Succession of Ising criticality and its threshold in critical quantum Ising model subject to symmetric decoherence

TL;DR

This paper explores how quantum criticality in the Ising model persists or changes under symmetric decoherence, revealing a transition from Ising to other critical behaviors and identifying a decoherence threshold.

Contribution

It demonstrates that mixed states under specific decoherence channels can retain Ising criticality properties and identifies a critical decoherence threshold for this persistence.

Findings

Mixed states exhibit Ising CFT properties under moderate decoherence.

Decoherence induces a transition from Ising to strong-to-weak symmetry breaking.

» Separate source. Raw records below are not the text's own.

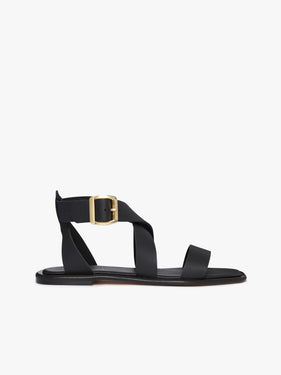 Marina Ankle Strap Sandal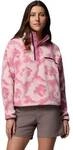 COLUMBIA Damen Rolli Helvetia II Printed Cropped Half Sn
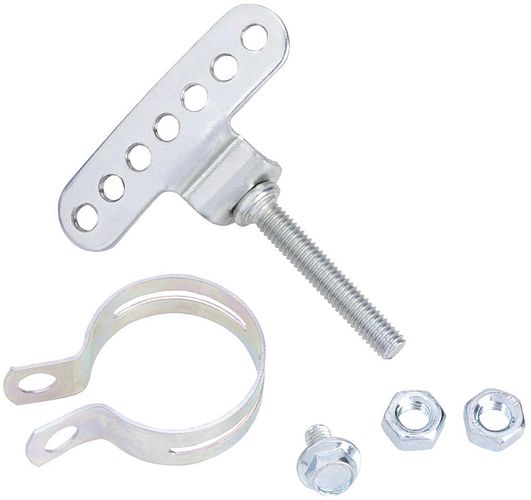 Horn Kettenkastenbefestigung R58-LMP silber
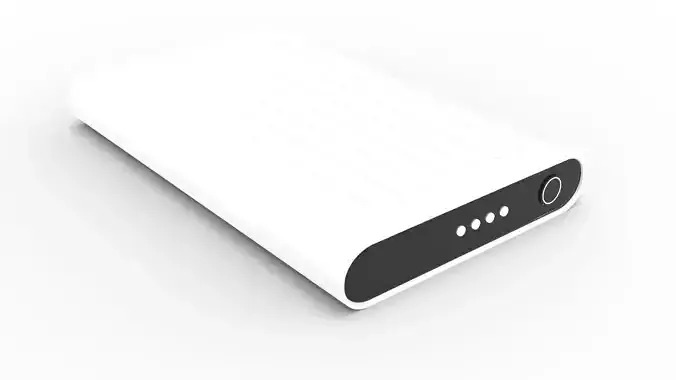 POWER BANK 03 WHITE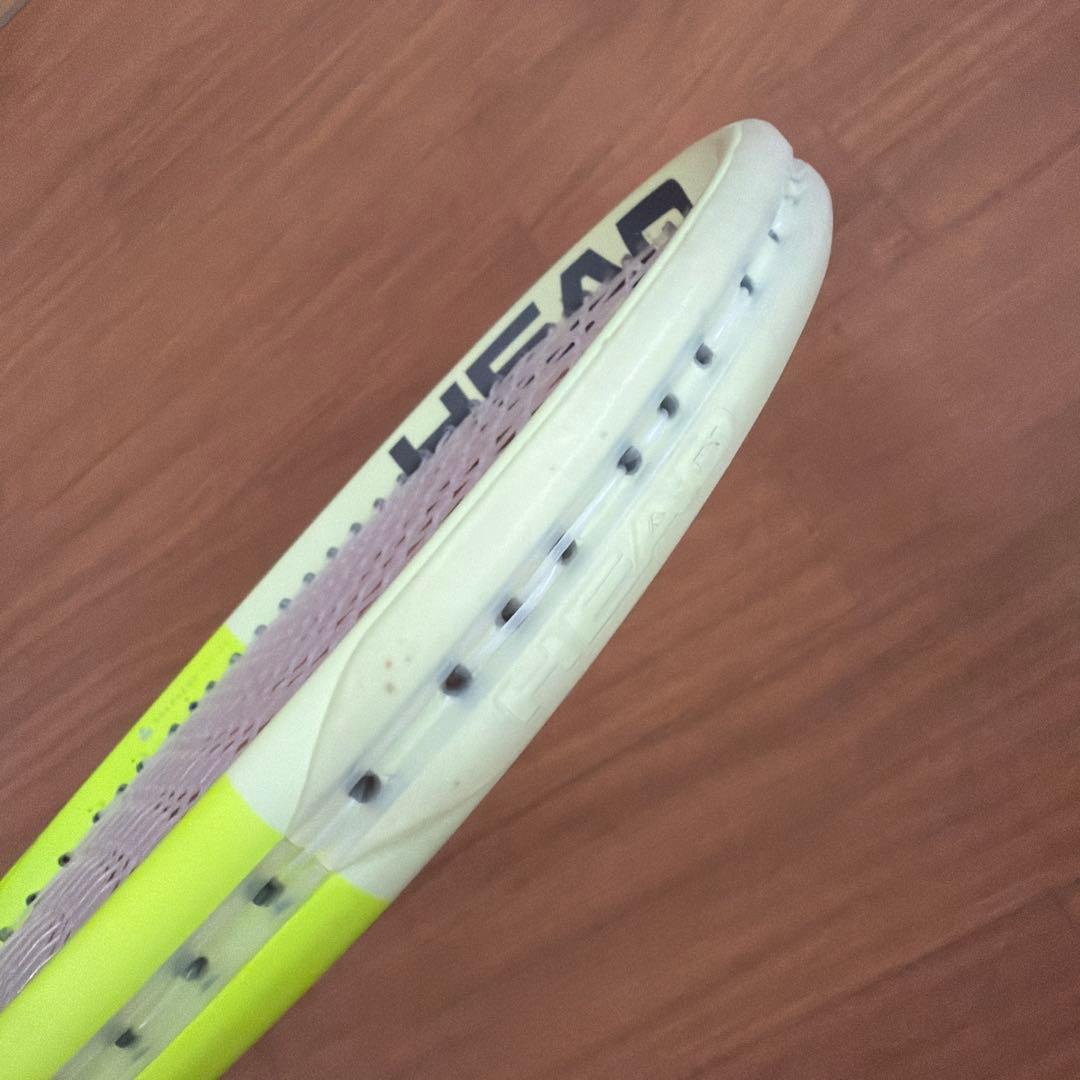HEAD エクストリーム MPL 2024 G2 テニスラケット 280g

Identifies a threshold beyond which Ising criticality is lost.

Abstract

We investigate a mixed state quantum criticality in the Ising model under $X+ZZ$ decoherence. In the doubled Hilbert space formalism, the decohered state resides on the self-dual critical line of the quantum Ashkin-Teller (qAT) model, as a result of the specific choice of the decoherence channel. On the other hand, since the mixed state under $X+ZZ$ decoherence satisfies the Kramers-Wannier self-duality in a weak sense, the Ising criticality of the pure state can be partially preserved in the mixed system. By making use of the combination of the doubled Hilbert space formalism and matrix product states, we carry out extensive numerical study to elucidate the mixed state criticality. We find that under decoherence up to moderate strength, the mixed states on the critical line have properties of the Ising CFT, where $c=1/2$, $\eta=0.25$ and, $\nu=1$. These values of the central charge and critical exponents contrast with the ones in the $c=1$ orbifold boson CFT describing the critical state of the qAT model. In addition, we also observe the threshold of the mixed Ising CFT. The strong decoherence washes out the remnant Ising criticality and induces strong-to-weak spontaneous symmetry breaking.